Scraped caption text data:

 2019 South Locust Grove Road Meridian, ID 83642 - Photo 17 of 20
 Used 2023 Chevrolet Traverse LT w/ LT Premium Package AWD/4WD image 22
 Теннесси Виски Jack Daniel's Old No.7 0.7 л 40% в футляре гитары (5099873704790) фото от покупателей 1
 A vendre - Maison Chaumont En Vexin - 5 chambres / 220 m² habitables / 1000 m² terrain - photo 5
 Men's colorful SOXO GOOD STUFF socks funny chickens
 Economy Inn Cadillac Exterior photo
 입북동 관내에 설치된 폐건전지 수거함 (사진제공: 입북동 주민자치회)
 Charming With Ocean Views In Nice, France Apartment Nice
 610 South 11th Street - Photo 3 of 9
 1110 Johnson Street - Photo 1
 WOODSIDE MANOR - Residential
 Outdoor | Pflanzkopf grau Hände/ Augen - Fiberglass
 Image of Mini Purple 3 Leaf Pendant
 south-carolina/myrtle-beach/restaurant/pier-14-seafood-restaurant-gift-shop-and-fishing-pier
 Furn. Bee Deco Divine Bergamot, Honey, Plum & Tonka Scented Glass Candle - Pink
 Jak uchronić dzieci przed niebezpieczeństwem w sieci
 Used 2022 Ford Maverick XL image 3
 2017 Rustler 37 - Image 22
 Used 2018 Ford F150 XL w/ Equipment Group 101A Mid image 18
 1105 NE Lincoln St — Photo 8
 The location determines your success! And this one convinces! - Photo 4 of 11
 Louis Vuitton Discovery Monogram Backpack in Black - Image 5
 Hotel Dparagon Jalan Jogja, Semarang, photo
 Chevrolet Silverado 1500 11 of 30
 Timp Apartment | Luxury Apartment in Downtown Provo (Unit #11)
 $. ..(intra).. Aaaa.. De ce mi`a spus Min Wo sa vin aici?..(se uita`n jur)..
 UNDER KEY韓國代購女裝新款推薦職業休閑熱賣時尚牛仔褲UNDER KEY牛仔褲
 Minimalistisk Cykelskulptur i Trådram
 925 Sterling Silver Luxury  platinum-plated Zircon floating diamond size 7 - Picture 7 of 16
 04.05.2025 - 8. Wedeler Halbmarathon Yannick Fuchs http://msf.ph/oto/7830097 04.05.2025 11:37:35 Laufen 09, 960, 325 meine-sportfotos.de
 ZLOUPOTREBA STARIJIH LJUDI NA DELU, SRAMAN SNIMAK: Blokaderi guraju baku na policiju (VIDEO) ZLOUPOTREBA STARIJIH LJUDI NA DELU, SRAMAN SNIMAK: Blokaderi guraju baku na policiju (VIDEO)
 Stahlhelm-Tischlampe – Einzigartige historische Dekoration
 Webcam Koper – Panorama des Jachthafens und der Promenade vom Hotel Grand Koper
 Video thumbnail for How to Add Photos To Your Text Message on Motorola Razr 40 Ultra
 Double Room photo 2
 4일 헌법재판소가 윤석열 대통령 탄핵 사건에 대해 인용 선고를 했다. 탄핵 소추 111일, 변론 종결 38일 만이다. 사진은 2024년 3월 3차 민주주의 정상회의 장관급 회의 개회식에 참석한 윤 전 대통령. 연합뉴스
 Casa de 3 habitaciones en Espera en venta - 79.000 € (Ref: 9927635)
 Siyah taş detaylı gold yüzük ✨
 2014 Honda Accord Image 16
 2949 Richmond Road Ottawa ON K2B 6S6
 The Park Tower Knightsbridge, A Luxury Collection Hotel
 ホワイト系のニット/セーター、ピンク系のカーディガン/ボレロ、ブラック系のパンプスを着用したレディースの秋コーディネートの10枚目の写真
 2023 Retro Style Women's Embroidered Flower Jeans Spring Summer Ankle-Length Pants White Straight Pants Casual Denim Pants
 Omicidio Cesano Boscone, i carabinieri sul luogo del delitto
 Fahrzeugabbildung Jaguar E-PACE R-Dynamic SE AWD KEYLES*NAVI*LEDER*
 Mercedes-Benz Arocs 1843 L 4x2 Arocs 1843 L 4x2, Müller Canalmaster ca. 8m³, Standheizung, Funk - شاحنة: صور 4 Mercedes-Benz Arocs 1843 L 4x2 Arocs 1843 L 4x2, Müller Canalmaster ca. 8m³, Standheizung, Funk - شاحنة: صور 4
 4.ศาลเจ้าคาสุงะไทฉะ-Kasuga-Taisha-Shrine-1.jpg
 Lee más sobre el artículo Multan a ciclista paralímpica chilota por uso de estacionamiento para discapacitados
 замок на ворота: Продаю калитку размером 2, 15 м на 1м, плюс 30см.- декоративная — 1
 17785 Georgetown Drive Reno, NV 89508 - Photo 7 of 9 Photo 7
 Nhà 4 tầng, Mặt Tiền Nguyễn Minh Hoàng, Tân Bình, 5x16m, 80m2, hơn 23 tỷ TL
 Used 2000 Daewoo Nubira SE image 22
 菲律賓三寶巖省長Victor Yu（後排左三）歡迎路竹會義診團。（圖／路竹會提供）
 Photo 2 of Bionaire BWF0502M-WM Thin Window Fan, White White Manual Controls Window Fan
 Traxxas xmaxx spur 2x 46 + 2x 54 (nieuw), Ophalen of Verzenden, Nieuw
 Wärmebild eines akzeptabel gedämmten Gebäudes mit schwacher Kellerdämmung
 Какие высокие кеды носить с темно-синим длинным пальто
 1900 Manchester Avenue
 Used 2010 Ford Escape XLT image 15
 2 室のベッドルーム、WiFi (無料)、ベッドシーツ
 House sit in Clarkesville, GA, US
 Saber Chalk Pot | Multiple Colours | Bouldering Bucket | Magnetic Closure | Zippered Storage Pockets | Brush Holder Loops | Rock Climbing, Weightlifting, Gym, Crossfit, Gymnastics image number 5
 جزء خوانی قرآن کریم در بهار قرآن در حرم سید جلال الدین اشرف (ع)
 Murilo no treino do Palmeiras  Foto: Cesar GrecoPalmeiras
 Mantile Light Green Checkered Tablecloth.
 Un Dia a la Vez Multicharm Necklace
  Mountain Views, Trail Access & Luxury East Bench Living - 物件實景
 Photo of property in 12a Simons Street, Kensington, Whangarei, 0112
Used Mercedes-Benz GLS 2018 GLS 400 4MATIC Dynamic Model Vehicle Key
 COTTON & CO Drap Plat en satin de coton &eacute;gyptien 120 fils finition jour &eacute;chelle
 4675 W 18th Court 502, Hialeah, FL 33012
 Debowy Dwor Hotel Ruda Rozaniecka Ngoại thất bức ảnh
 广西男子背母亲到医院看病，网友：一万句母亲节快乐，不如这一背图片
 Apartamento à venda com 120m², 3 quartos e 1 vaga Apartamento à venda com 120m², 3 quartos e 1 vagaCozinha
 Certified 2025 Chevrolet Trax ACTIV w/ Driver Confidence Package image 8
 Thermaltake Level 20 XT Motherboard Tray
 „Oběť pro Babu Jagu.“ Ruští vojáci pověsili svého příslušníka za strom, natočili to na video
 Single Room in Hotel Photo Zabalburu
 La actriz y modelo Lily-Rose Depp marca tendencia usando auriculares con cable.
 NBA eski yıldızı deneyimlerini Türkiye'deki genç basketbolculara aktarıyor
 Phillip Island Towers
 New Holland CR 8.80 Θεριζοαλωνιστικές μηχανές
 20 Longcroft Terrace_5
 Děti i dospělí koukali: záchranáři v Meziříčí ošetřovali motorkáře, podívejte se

**What is required**
Look above for the line with "Minimalistisk Cykelskulptur i Trådram"; retype exactly that line, every line after it up to the line with "04.05.2025 - 8.", and that line too, nothing else.

**Answer to this task**
 Minimalistisk Cykelskulptur i Trådram
 925 Sterling Silver Luxury  platinum-plated Zircon floating diamond size 7 - Picture 7 of 16
 04.05.2025 - 8. Wedeler Halbmarathon Yannick Fuchs http://msf.ph/oto/7830097 04.05.2025 11:37:35 Laufen 09, 960, 325 meine-sportfotos.de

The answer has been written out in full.